There’s another category of unique names in which one character is left out of the pronunciation all together. On paper, it enhances the meaning of the name, but it’s dropped from the spoken version. A baby named 大空, meaning “expansive sky,” is simply called “Sora” after the second kanji. One named 心結, which might mean something like “heart connection,” is called “Kokoro,” which leaves the second character unspoken.

To a non-native Japanese speaker, these creative naming choices might seem like in-the-weeds linguistic jokes. But they actually get at a larger feature of the language, one which presents a genuine stress point for its speakers.

When Chinese characters were integrated into the Japanese language in the fifth century, it created a second system of Chinese pronunciations alongside existing ones. Just looking at a kanji doesn’t tell a person anything about how it ought to be pronounced; there are rules, but just as many exceptions. Japanese speakers rely on a mix of instinct, experience and context to guess how things should be read, but when it comes to proper nouns, brute force and memorization are often needed.

That’s why being confronted with the name of a stranger can cause a minor panic. Indeed, even for native Japanese speakers, reading names can be a politeness stress test.

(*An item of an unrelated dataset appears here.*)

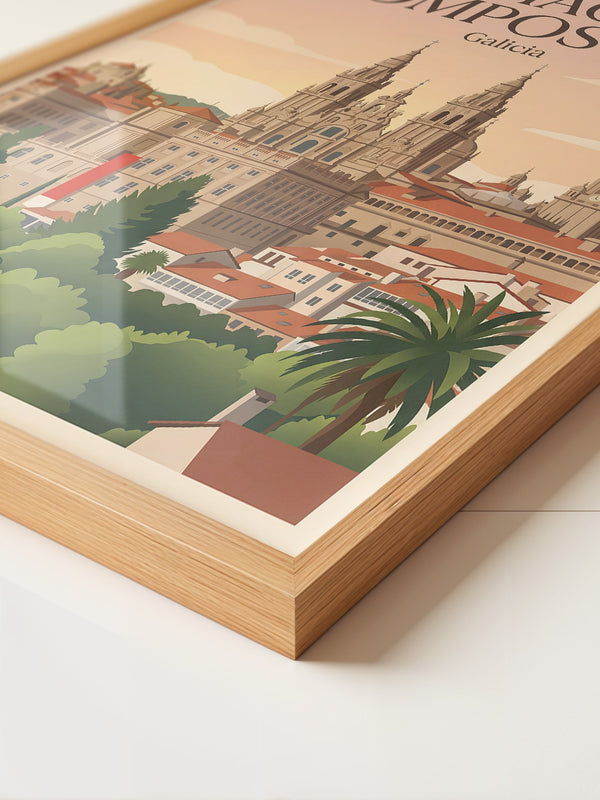 Santiago Skyline Retro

“We may be the only country in the world where it’s really difficult to correctly read (names),” Ogihara says. “But in our society, it’s basically impolite to read names incorrectly. So we get kind of upset.”

This trend toward unique names shows that Japan is becoming more individualistic as a society, according to Ogihara. That might sound like a leap, but his work is not the first of its kind.

In a 2011 paper, psychologists Michael E.W. Varnum and Shinobu Kitayama showed that in “frontier states” of the U.S. — states that were settled later in the country’s history — babies tended to be less likely to be given popular names even after controlling for income, population density and the percentages of ethnic minorities in each state. They found similar results when they studied regions in Canada and when they compared nine European countries to countries settled by European immigrants. Varnum and his team also used an influential cross-cultural scale called the Hofstede Individualism Score, which was developed in the 1980s by Dutch social scientist Geert Hofstede to measure how much people in a society are expected to look after just themselves and their families. Unique baby names, it turned out, correlated positively with countries that scored as highly individualistic.

One particularly interesting similarity between the work of Varnum and Ogihara is that, generally speaking, babies assigned as male seem to be more likely to receive popular names than females. At first glance, this seems to buck the gendered stereotype of boys being more bold and individualistic, and girls tending toward more socially cohesive behavior. But echoing the studies that came before, Ogihara says that it may be the very fact that females are more likely to face pressure to conform that parents wish for their girls to stand out more and thus slightly tend toward giving them unique names.

“Parents are trying to make their girls more independent and more unique compared to boys,” Ogihara speculates.

In fact, research shows that names may be getting more unique in general, with similar results shown in China, the U.S., Germany and France. Ogihara says it might be a general tendency across societies and expects that if there were reliable data going back further through Japanese history, the phenomenon wouldn’t be limited just to recent years.

This makes sense. The world is getting more global and interconnected. As people are exposed to other cultures through news, pop culture and social media, they’re exposed to more languages. Migration and movement, too, create more diversity and linguistic mixing. And given that baby naming is a rather complex, even creative process, it would be hard to pinpoint just one reason names seem to be getting more unique.

Names are an elusive part of identity. Most of us are given them without having a say in the matter and are stuck with them without a chance to interrogate the reasoning. Perhaps that’s why we find ourselves so eager to mine for meaning, in hopes they’ll hold more clues to who we are.